High-performance requirements
| Priority | Solution |
|---|---|
| Stability | Create a dedicated virtual warehouse for high-performance requests. |
| Balance stability and cost | Route all requests through Serverless Computing, or enable Adaptive Serverless Computing. |
Latency-tolerant workloads
| Request pattern | Solution |
|---|---|
| Fixed (a role consistently accesses the same dashboard) | Configure manual throttling: run a stress test to determine the virtual warehouse's read capacity, then set a fixed concurrency limit for the query queue. See Create a query queue. |
| Variable (multiple dashboards accessed by different roles) | Enable automatic throttling. Hologres automatically adjusts the query queue's concurrency limit based on current workload. See Automatic throttling for query queues (beta). |
Challenge 6: Unexpected request surges
Problem: Sudden, unpredictable traffic spikes—for example, an unexpected surge of nighttime queries—cannot be anticipated by scheduled scaling. Serverless Computing alone cannot handle these surges because the users, tables, and SQL statements involved are unknown in advance.

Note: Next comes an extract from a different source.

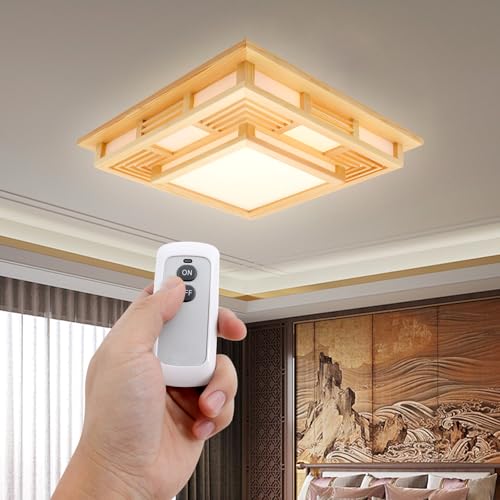 Gqouur Japanische Deckenleuchte Dimmbar Deckenlampe 3000-6000K 100-110 Lumen Holz Tatami Lampe mit Fernbedienung Schlafzimmer Pendelleuchte [Energieklasse E] von Gqouur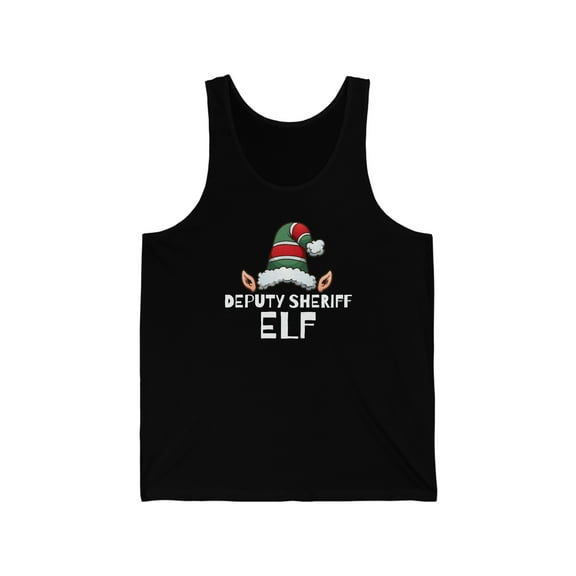 Deputy Sheriff Elf Unisex Tank Top, XS-2XL Christmas Holidays Xmas Elves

Solution: Enable auto-scaling. Virtual warehouses automatically scale out during peak loads and scale in when demand subsides. See Multi-cluster and auto scaling (beta).
Advanced settings
Configure task priorities for Serverless Computing
When multiple services share Serverless Computing resources, set priorities at the user level to control which tasks run first under resource contention. See Set priorities for Serverless Computing tasks.
Example:
| User type | Priority | Behavior when resources are scarce |
|---|---|---|
| Roles with high performance requirements | 5 | Executed first |
| Batch ETL tasks | 1 | Wait in queue |
| All other tasks | 3 (default) | Standard scheduling |
Configure daily quotas for Serverless Computing
If multiple services use Serverless Computing, costs can be unpredictable. Set daily quotas at the instance level and per user to control costs. See Daily Usage Limit.
Enable high availability for read-only virtual warehouses
For read-only virtual warehouses that serve latency-sensitive workloads—especially online recommendation services—configure multiple shard-level replicas. If a query node fails, queries continue without data loss. See Concurrent queries with shard replicas.